## The problem:
Retype the material that follows exactly, limited to the lines from the one with "Погоня на даче..MOV смотреть онлайн" through the one with "Onepunch Man Tập 169 trang 7", and keep out all pictures.

## Given data:
■ ■ ■ ■

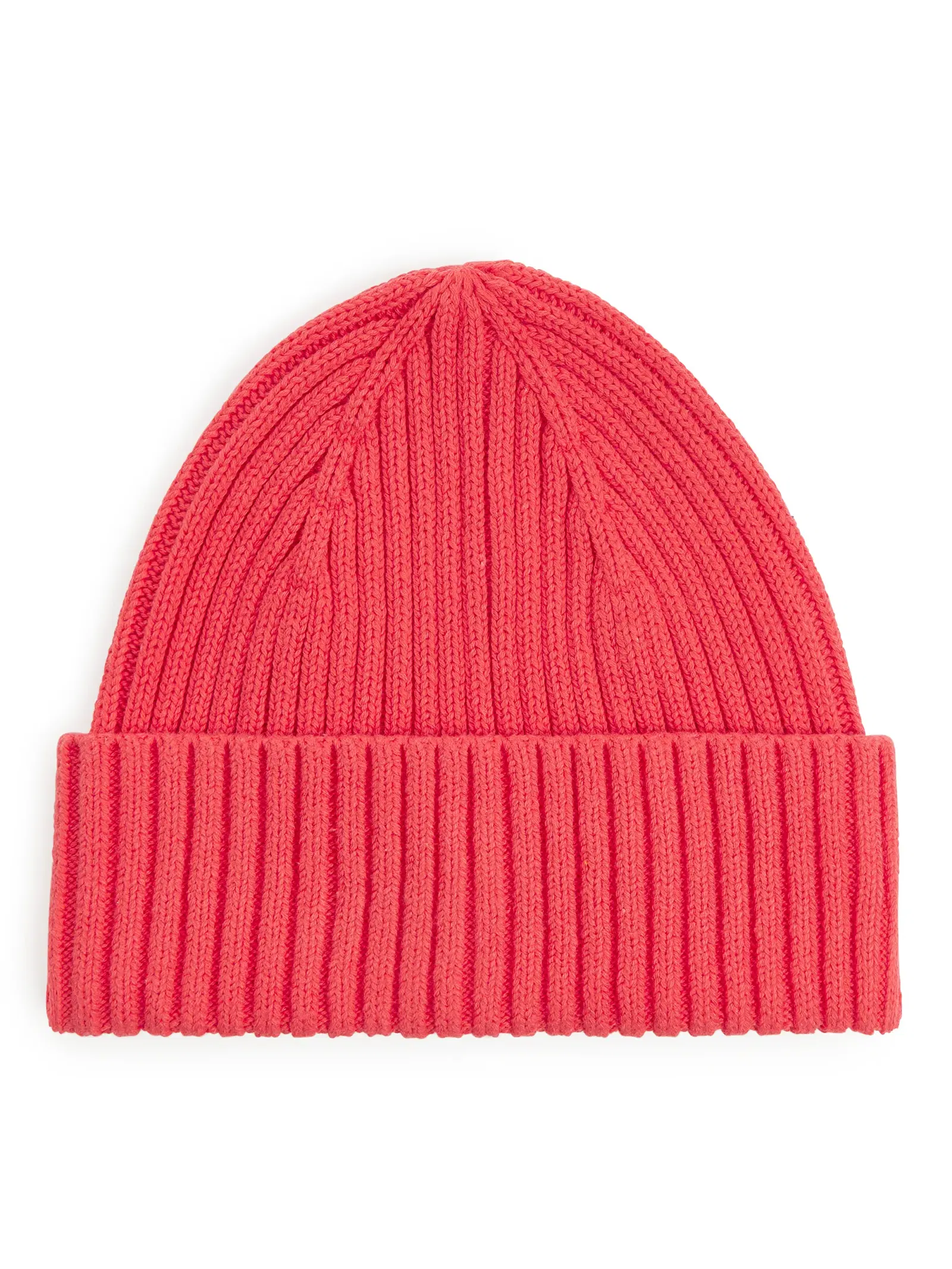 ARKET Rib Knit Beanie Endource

■ ■ ■ ■

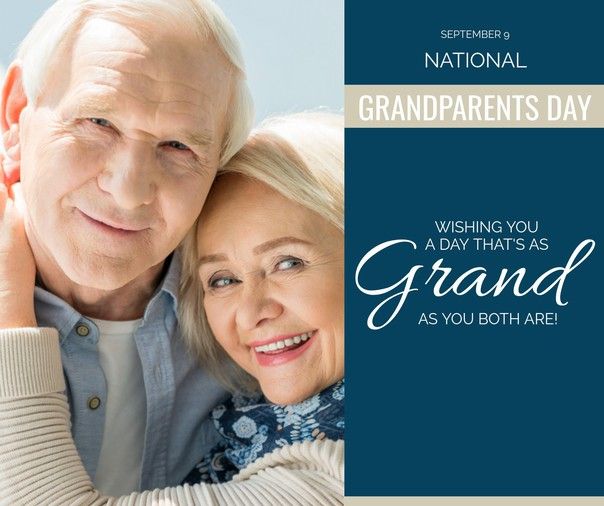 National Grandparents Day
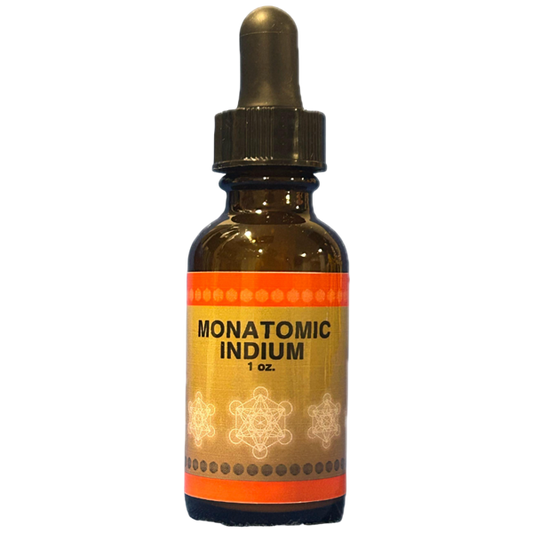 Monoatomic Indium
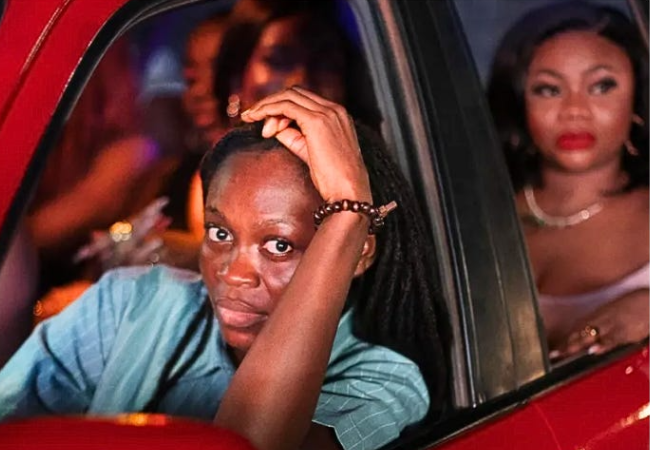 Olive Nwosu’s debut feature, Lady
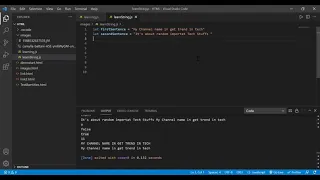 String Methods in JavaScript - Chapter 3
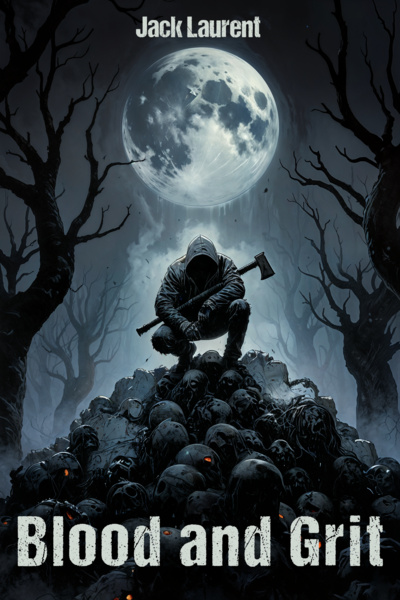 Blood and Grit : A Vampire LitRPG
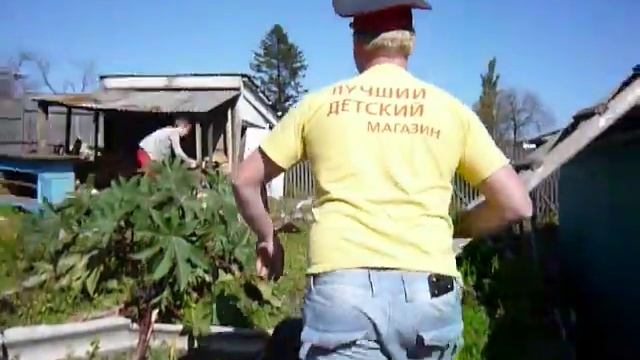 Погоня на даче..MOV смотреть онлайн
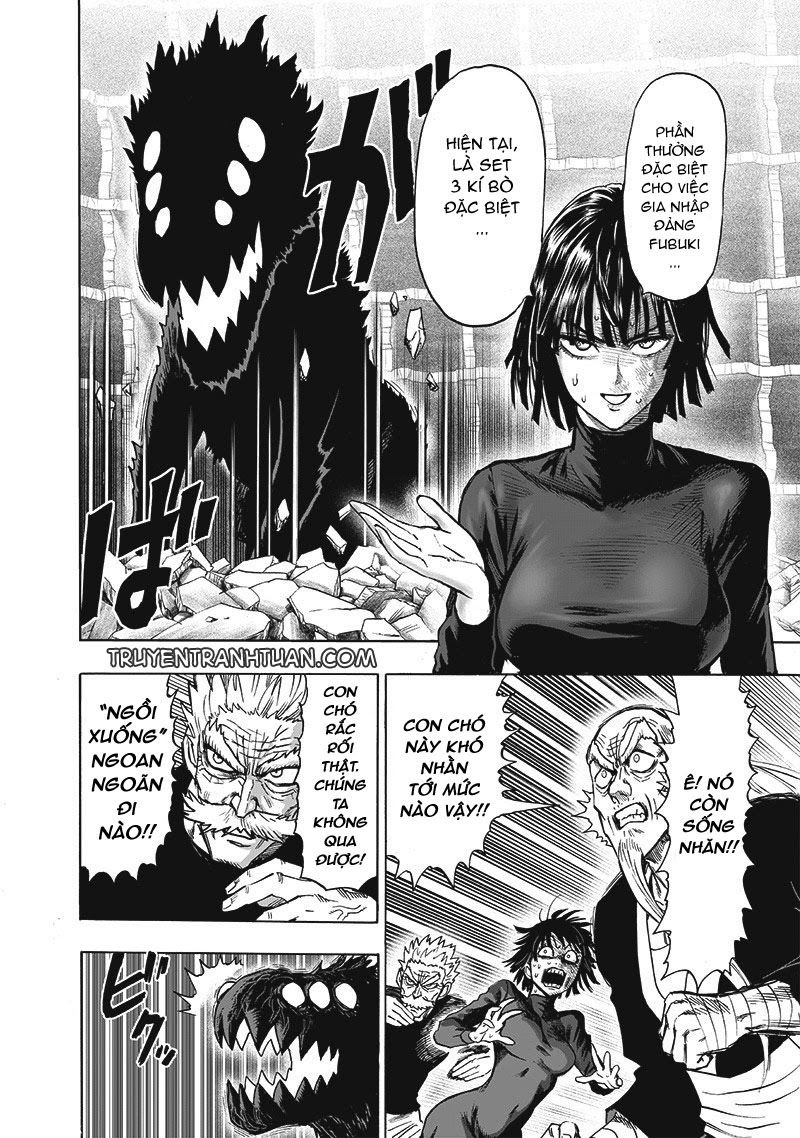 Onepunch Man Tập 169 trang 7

■ ■ ■ ■

## Solved problem:
 Погоня на даче..MOV смотреть онлайн
 Onepunch Man Tập 169 trang 7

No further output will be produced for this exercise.